WORK TO COMPLETE: Take the line that contains "одиночество, вода, тишина, легкий" and each one after it through the last line below, and retype them exactly. Leave out the pictures.

RECORDED INFORMATION:

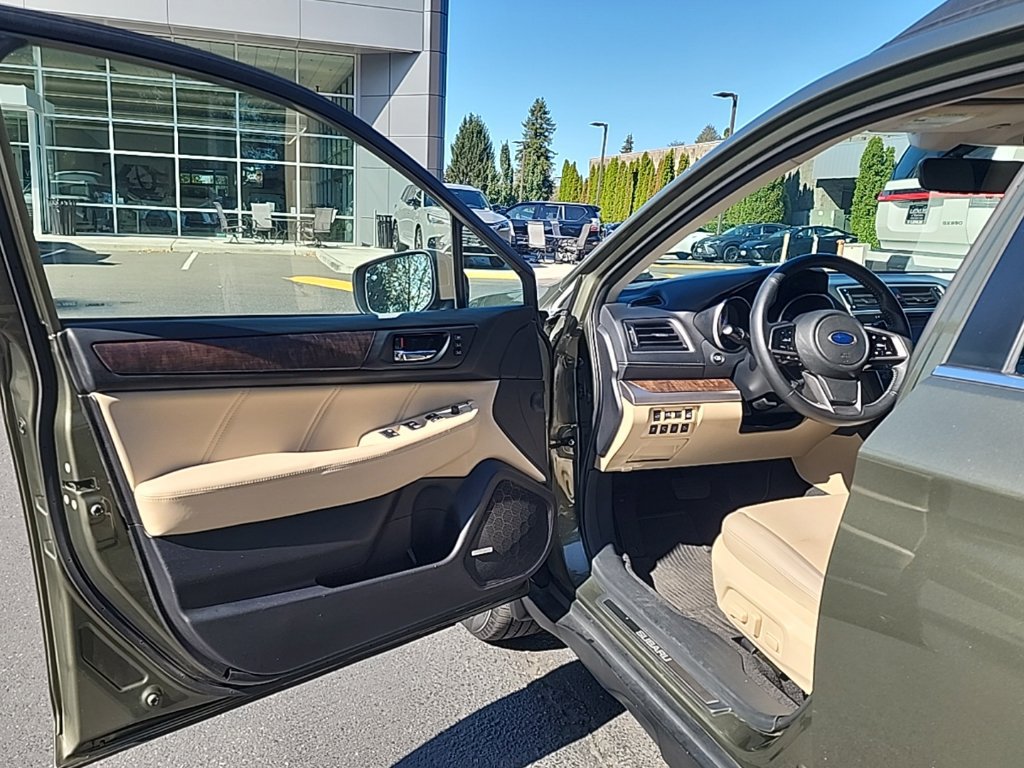 Used 2018 Subaru Outback 2.5i Limited AWD/4WD image 9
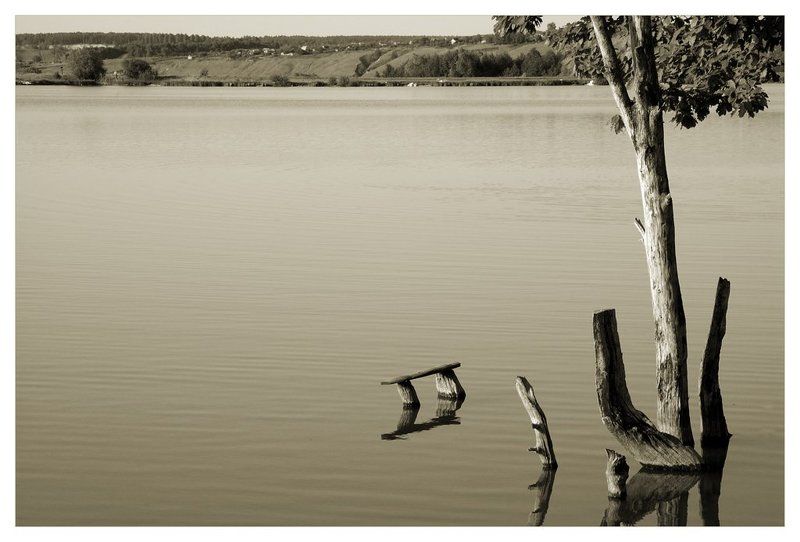 одиночество, вода, тишина, легкий ветер, уныние, покой одиночество фото превью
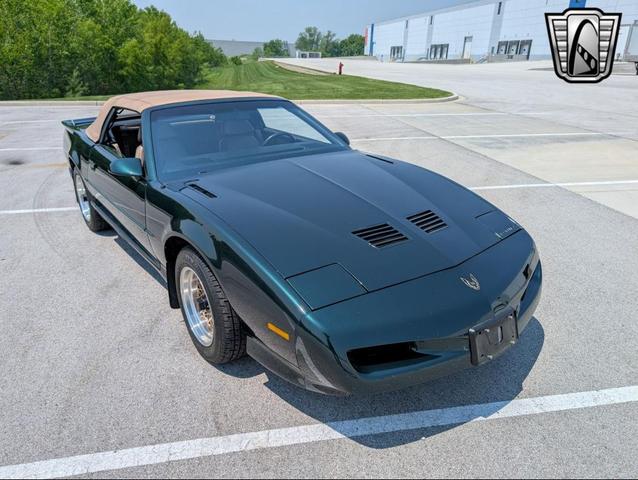 Photo of 1992 Green Pontiac Firebird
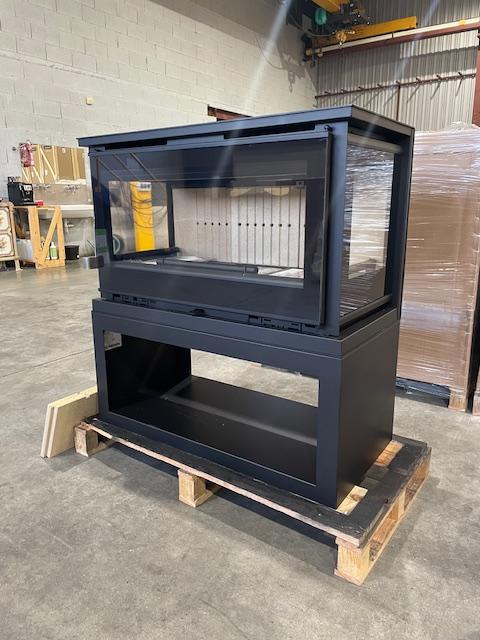 Poêle à bois ventilé 3 vitres avec bûcher - FIREMATIC Calgary - L 13.5 kW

SOLUTION TO THIS EXERCISE:
 одиночество, вода, тишина, легкий ветер, уныние, покой одиночество фото превью
 Photo of 1992 Green Pontiac Firebird
 Poêle à bois ventilé 3 vitres avec bûcher - FIREMATIC Calgary - L 13.5 kW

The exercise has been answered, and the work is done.